Acórdão do Tribunal da Relação de Coimbra
Processo:
747/03
Nº Convencional: JTRC
Relator: DR. JAIME FERREIRA
Descritores: APRESENTAÇÃO DE ARTICULADO
Data do Acordão: 03/30/2004
Votação: UNANIMIDADE
Tribunal Recurso: TOMAR
Texto Integral: S
Meio Processual: RECURSO DE APELAÇÃO
Decisão: PROCEDENTE
Legislação Nacional: ARTºS 145º, NºS 5 E 6 DO CPC ; 126º, Nº 3, DO CCJ REVOGADO PELO DL 324/03; PORTARIA Nº 42/2004, DE 14/01
Sumário:

I – A apresentação de uma contestação no 3º dia útil seguinte ao limite do prazo legal para o efeito é admissível à luz do disposto no artº 145º, nº 5, do CPC, isto é, independentemente de justo impedimento, mas ficando essa apresentação dependente do pagamento de uma multa – artº 145º, nº 5, do CPC.
II – Para o pagamento dessa multa a parte deve solicitar guias para o efeito, as quais serão imediatamente passadas e entregues pela secretaria judicial, e caso a parte assim não proceda ( não as solicitando ou não as pagando de imediato ou até ao termo do 1º dia útil posterior ao da prática do acto ), a secretaria, logo que dê conta dessa irregularidade e oficiosamente, deve notificar o interessado para pagar uma multa de montante igual ao previsto no nº 6 do artº 145º , sob pena de se considerar perdido o direito de praticar o acto - artº 126º, nº 3, do CCJ e Portaria nº 42/2004, de 14/01.
Decisão Texto Integral: 5

Tribunal da Relação de Coimbra
Apelação nº 747 / 04
Relator : Jaime Carlos Ferreira
Adjuntos : Dr. Ferreira Lopes
Dr. Jorge Arcanjo




Acordam, em conferência, na Secção Cível do Tribunal da Relação de Coimbra :
I
No Tribunal Judicial da Comarca de Tomar – 2º Juízo Cível , AA e marido BB, residentes na CC, em Tomar, instauraram contra DD e mulher EE, residentes no FF, em Tomar, a presente acção declarativa, com processo sumário, pedindo a condenação dos R.R. a reconhecer que os A.A. são os únicos e legítimos proprietários do prédio urbano descrito no artigo 1º da petição ; em consequência do que devem os R.R. ser condenados a demolir o muro que envolve o prédio dos A.A. pelos lados poente e sul, de forma a que o citado imóvel fique a confrontar directamente com a via pública e com o prédio rústico com que o mesmo confronta a sul ; devendo, ainda, os R.R. ser condenados a absterem-se da prática de actos que, de algum modo, possam induzir quem quer que seja a considerá-los ou a confundi-los como proprietários do citado imóvel, devendo também ser condenados a pagar aos A.A. os danos patrimoniais e não patrimoniais causados, em montante a liquidar em execução de sentença .

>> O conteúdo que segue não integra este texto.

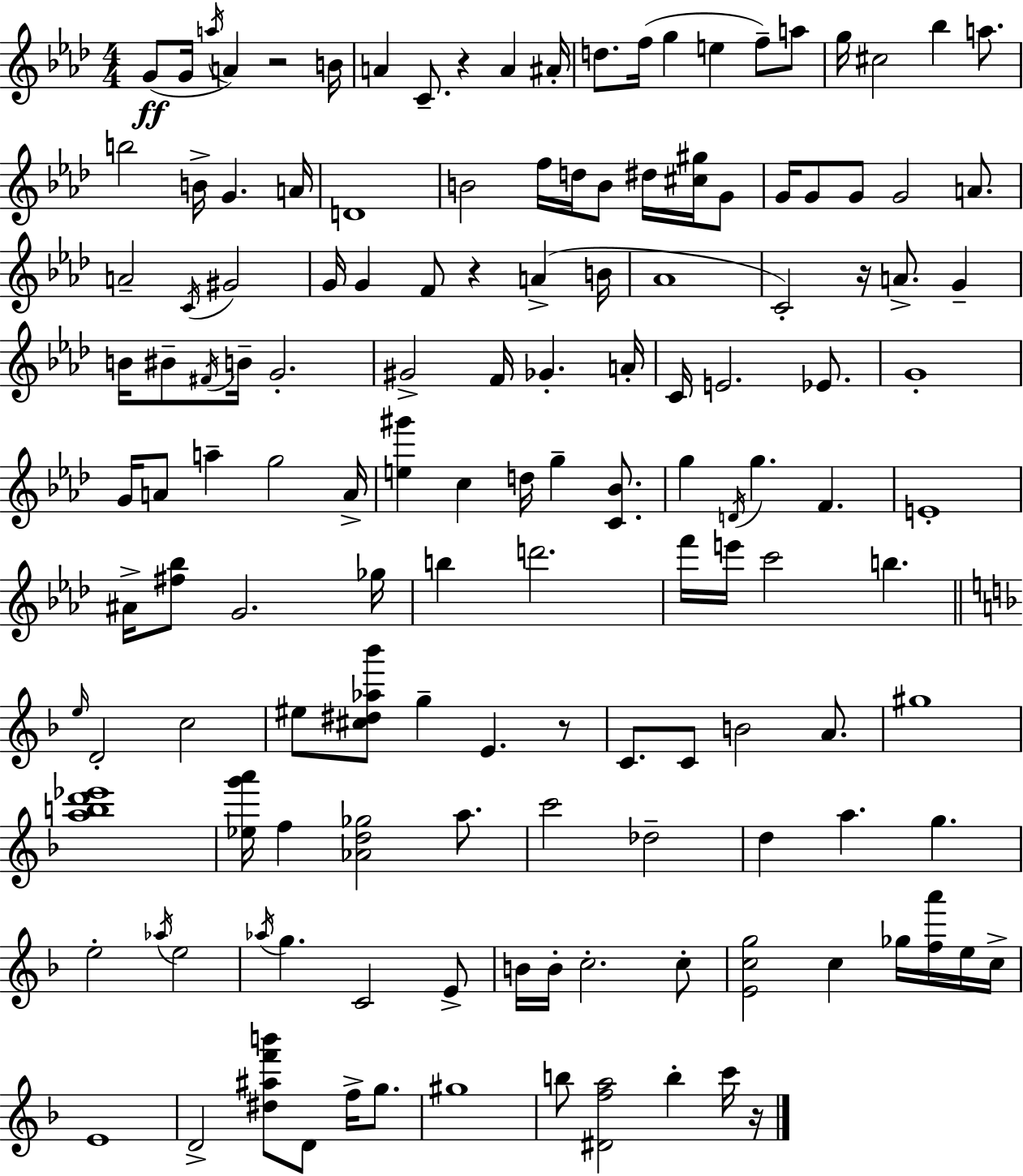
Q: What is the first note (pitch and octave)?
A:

Para tanto e muito em resumo, alegaram que são donos e legítimos possuidores de uma casa de habitação em ruínas, com a área de 30 m2, e com logradouro com 300 m2, sita em Santa Catarina, freguesia de Casais, concelho de Tomar, inscrita na respectiva matriz sob o artigo 1862 e descrita na Conservatória do Registo Predial de Tomar sob o nº 02860/100997, com inscrição a favor dos A.A., prédio que adquiriram por sucessão hereditária dos pais da A. mulher , além de que dele têm o gozo, uso e fruição há mais de 5, 10, 15 ,20 anos, por si e seus antecessores, como bem próprio.
Que os R.R. são donos do prédio misto sito em Santa Catarina, inscrito na respectiva matriz sob os artigos 772-urbano e 43, secção AF – rústico, descrito na Conservatória sob o nº 1822, o qual confronta com aquele prédio dos A.A. .
Que o prédio dos A.A. sempre teve ligação directa com caminho público, a poente, mas que os R.R. muraram-no junto a essa via pública, tendo apenas deixado uma abertura de acesso à dita rua e localizada em frente ao prédio urbano dos R.R., com o que englobaram o prédio urbano dos A.A. dentro do perímetro dos muros por eles mandados construir .
Que, dessa forma, quiseram fazer-se passar por donos do imóvel dos A.A., impedindo até estes de entrarem no seu prédio .
Que essa ocupação abusiva por parte dos R.R. está a causar prejuízos aos A.A. .
Donde a necessidade da propositura da presente acção .
II
Contestaram e deduziram reconvenção os R.R., pedindo, além do mais, que seja reconhecida a ocorrência de uma excepção peremptória, que alegam, com a sua correspondente absolvição do pedido ou, caso assim se não entenda, que seja julgada improcedente a acção e procedente a reconvenção deduzida por eles, com a consequente condenação dos A.A. a reconhecer que os R.R. são os donos e legítimos possuidores da totalidade do prédio misto sito em Santa Catarina, freguesia de Casais, descrito na Conservatória do Registo Predial de Tomar sob o nº 1822 e inscrito na matriz sob os nºs 3052 – urbano e 43º, secção AF – rústica .
Pediram, ainda, que seja declarada a inexistência de qualquer prédio urbano propriedade dos A.A. sito dentro do perímetro do prédio propriedade dos R.R., com o consequente cancelamento de qualquer registo em contrário .
III
Ainda foi apresentada resposta por parte dos A.A. e findos os articulados foi proferido despacho a considerar terem os R.R. apresentado a sua contestação-reconvenção fora de prazo e sem terem cumprido as formalidades legais correspondentes, em consequência do que se declarou nulo e de nenhum efeito todo o processado a partir da apresentação da contestação, inclusive .
E logo de seguida foi proferido saneador-sentença, na qual foram considerados como assentes, por confissão, todos os factos alegados pelos A.A. e, em consequência, a julgar a acção procedente, com condenação dos R.R. nos pedidos pelos A.A. deduzidos.
IV
Dessa decisão interpuseram recurso os R.R., o qual foi admitido como apelação e com efeito devolutivo .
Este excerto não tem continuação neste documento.